● **What is required**:
Please reproduce the listing below exactly, leaving out every picture.

● **Recorded information**:
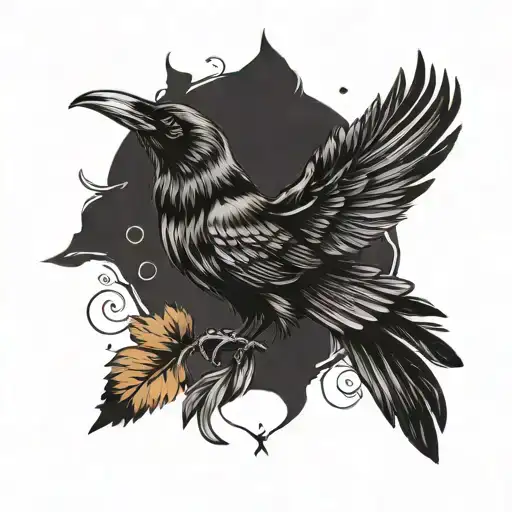 Butter Fly With Raven Feathers Around It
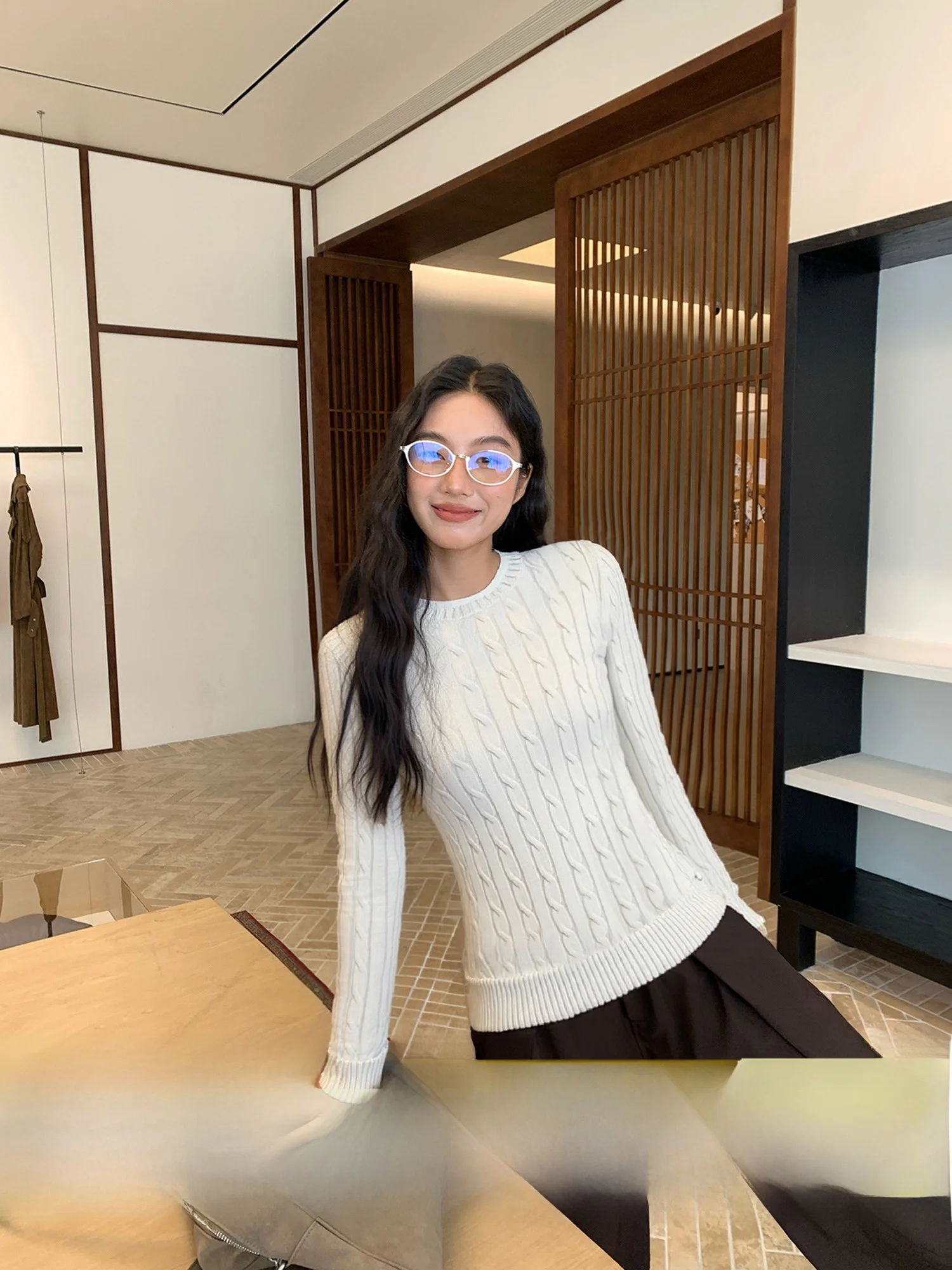 

Crsu Casual Sle женский вязаный свитер Long Sve круглый Ne твист узор мягкая ткань удобный крой осенний топ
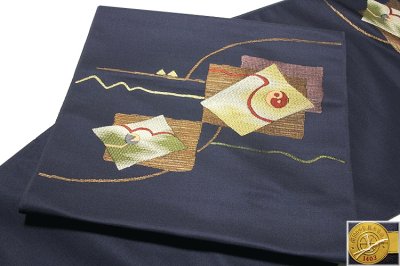 画像1: ■京都西陣織「三幸織物謹製」 オシャレ 太鼓柄 正絹 九寸 名古屋帯■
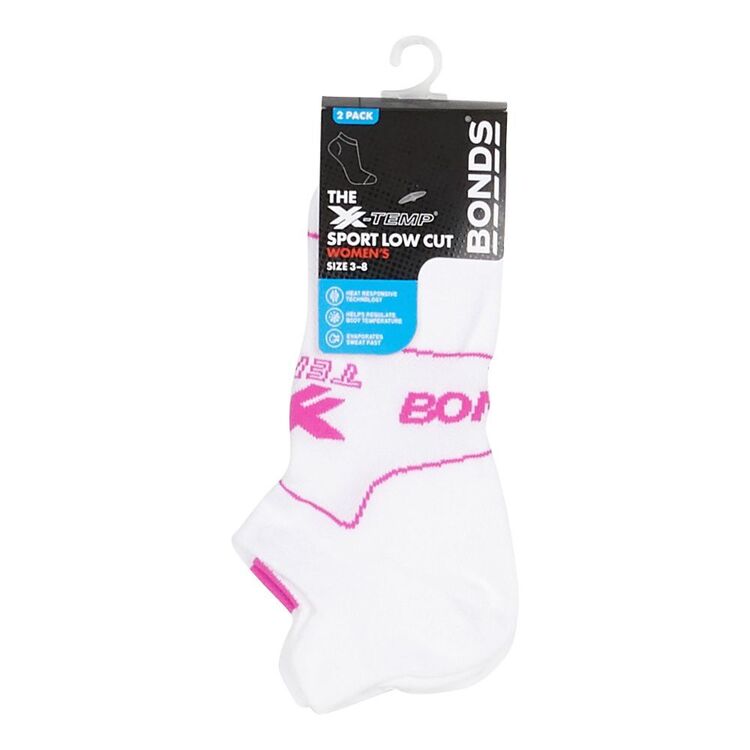Bonds Women's X-Temp Sport Low Cut Sock 2 Pack White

● **Answer for this exercise**:
 Butter Fly With Raven Feathers Around It

Crsu Casual Sle женский вязаный свитер Long Sve круглый Ne твист узор мягкая ткань удобный крой осенний топ
 画像1: ■京都西陣織「三幸織物謹製」 オシャレ 太鼓柄 正絹 九寸 名古屋帯■
Bonds Women's X-Temp Sport Low Cut Sock 2 Pack White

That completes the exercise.